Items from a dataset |
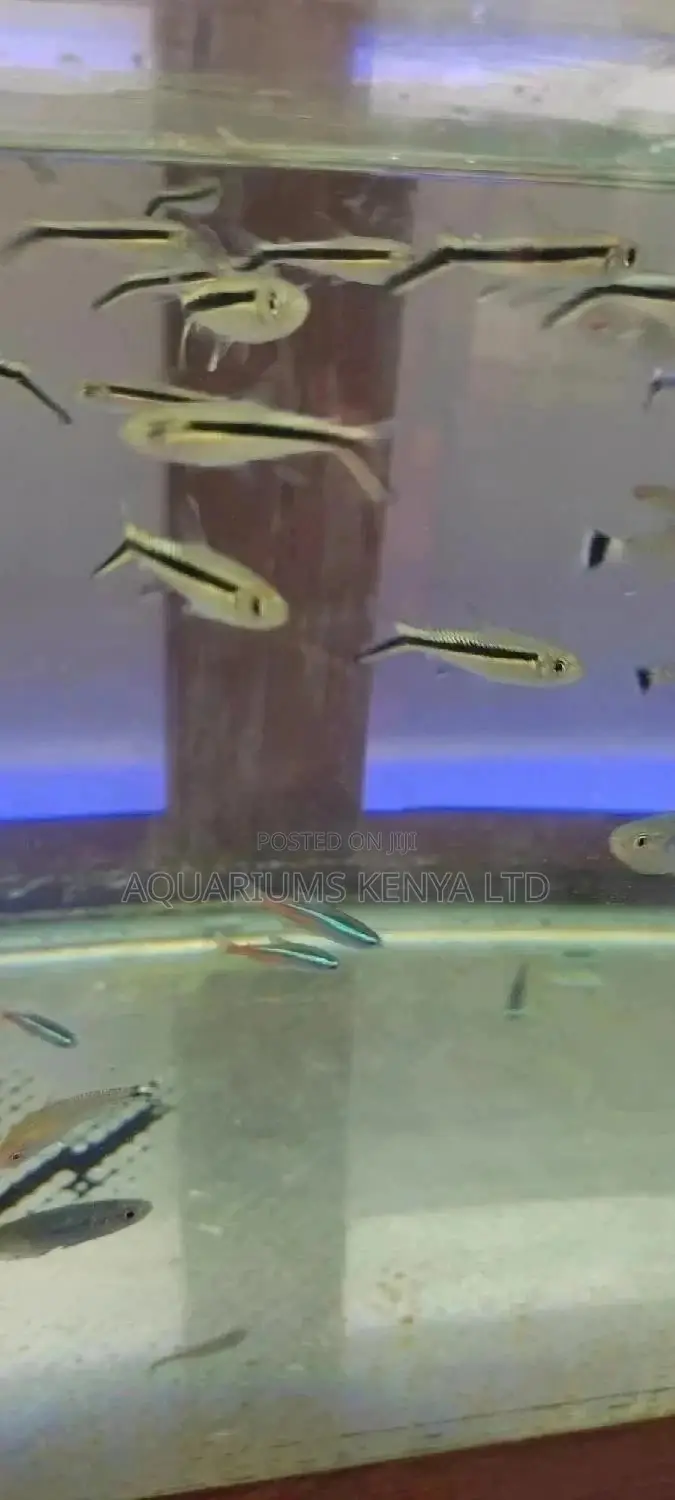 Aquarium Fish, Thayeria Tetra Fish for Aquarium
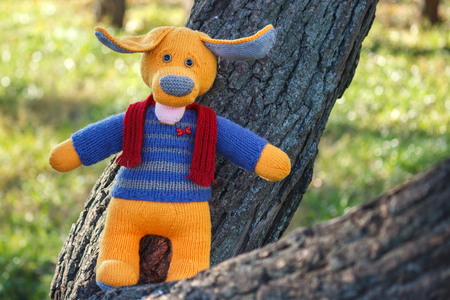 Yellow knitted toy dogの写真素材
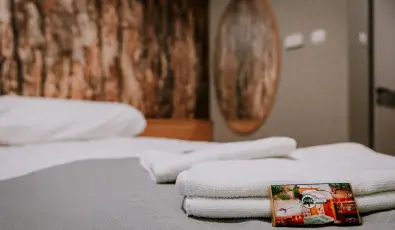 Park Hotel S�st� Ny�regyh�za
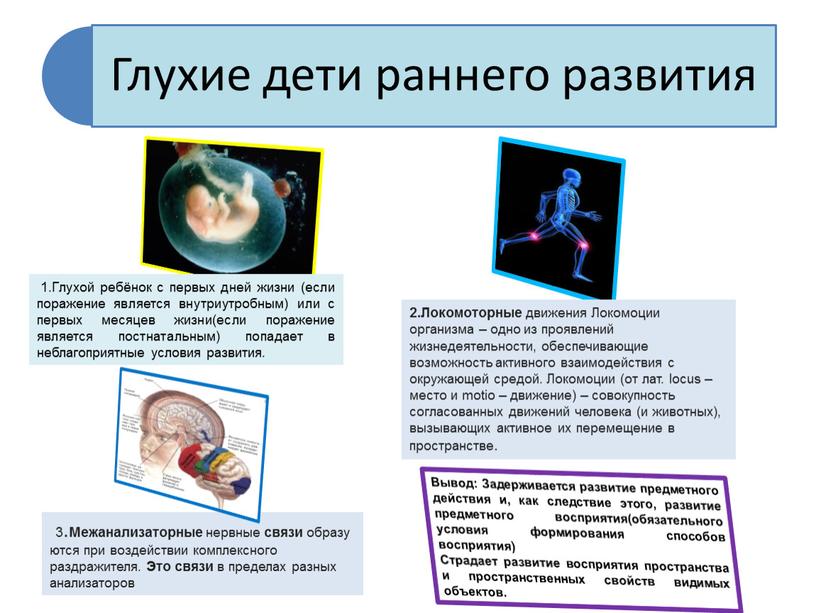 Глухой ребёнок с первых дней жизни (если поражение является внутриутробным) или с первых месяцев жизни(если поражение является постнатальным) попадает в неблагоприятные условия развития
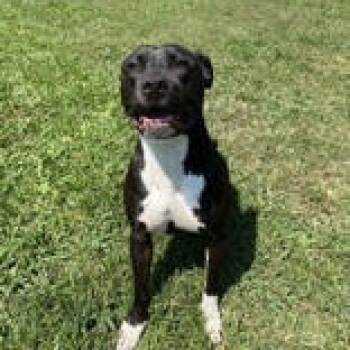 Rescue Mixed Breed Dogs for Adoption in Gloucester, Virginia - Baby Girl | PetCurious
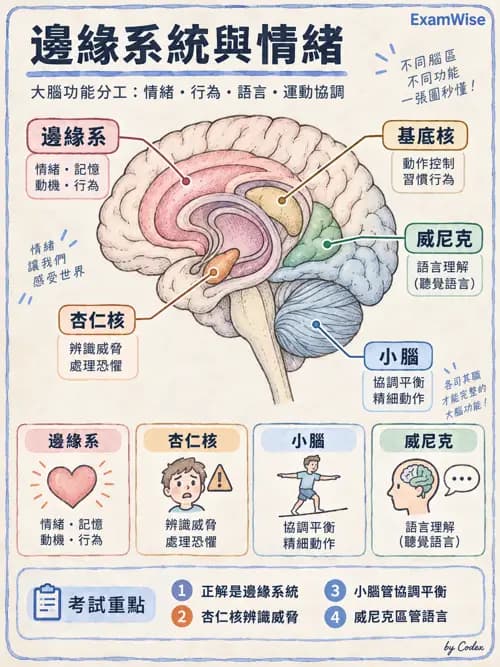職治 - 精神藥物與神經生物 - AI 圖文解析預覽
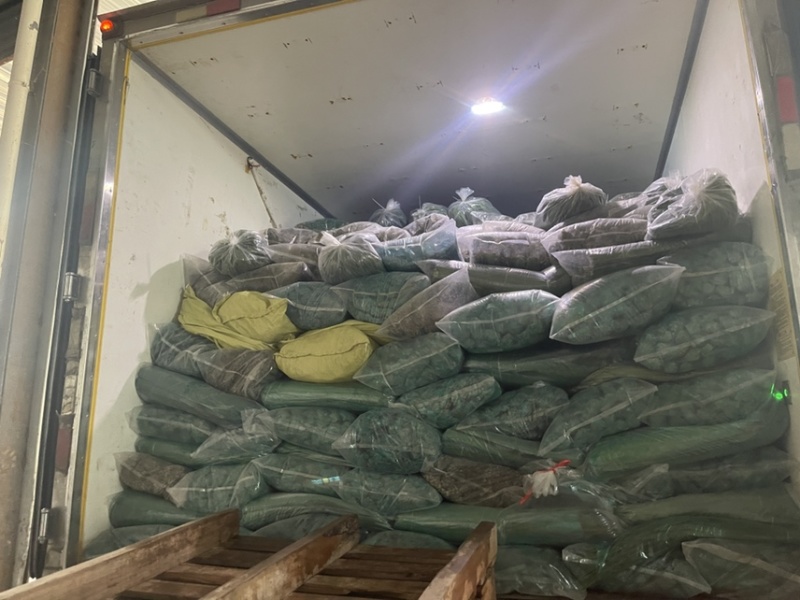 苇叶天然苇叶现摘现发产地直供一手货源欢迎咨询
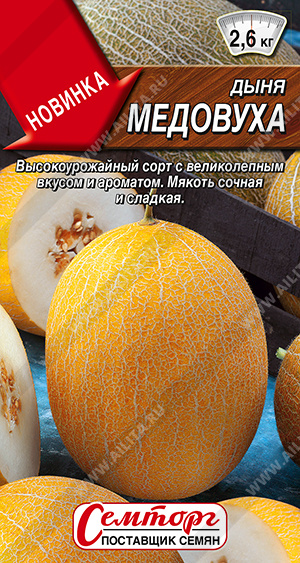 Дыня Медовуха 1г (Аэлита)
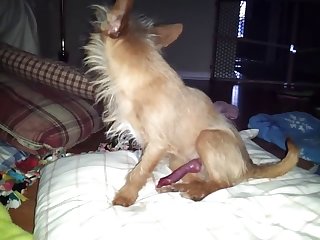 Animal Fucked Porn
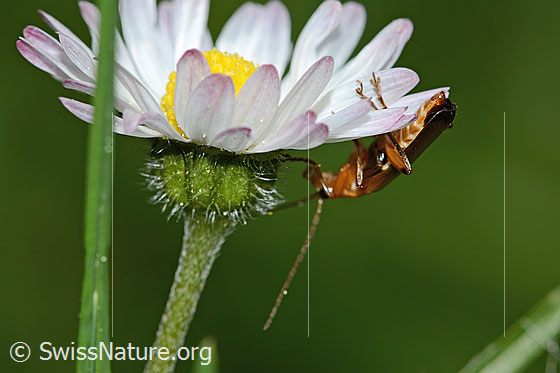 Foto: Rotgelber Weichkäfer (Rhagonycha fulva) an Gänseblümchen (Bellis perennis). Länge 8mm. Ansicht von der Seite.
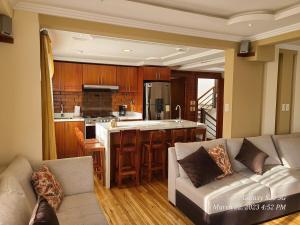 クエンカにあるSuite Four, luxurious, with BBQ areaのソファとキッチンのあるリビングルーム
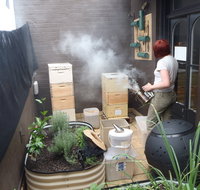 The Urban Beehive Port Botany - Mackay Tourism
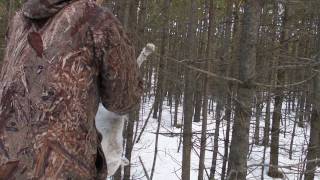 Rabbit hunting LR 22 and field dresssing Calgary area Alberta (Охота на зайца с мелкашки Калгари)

Aim of the exercise | Copy the records exactly; no image should appear in the result.

Written reply |
 Aquarium Fish, Thayeria Tetra Fish for Aquarium
 Yellow knitted toy dogの写真素材
 Park Hotel S�st� Ny�regyh�za
 Глухой ребёнок с первых дней жизни (если поражение является внутриутробным) или с первых месяцев жизни(если поражение является постнатальным) попадает в неблагоприятные условия развития
 Rescue Mixed Breed Dogs for Adoption in Gloucester, Virginia - Baby Girl | PetCurious
職治 - 精神藥物與神經生物 - AI 圖文解析預覽
 苇叶天然苇叶现摘现发产地直供一手货源欢迎咨询
 Дыня Медовуха 1г (Аэлита)
 Animal Fucked Porn
 Foto: Rotgelber Weichkäfer (Rhagonycha fulva) an Gänseblümchen (Bellis perennis). Länge 8mm. Ansicht von der Seite.
 クエンカにあるSuite Four, luxurious, with BBQ areaのソファとキッチンのあるリビングルーム
 The Urban Beehive Port Botany - Mackay Tourism
 Rabbit hunting LR 22 and field dresssing Calgary area Alberta (Охота на зайца с мелкашки Калгари)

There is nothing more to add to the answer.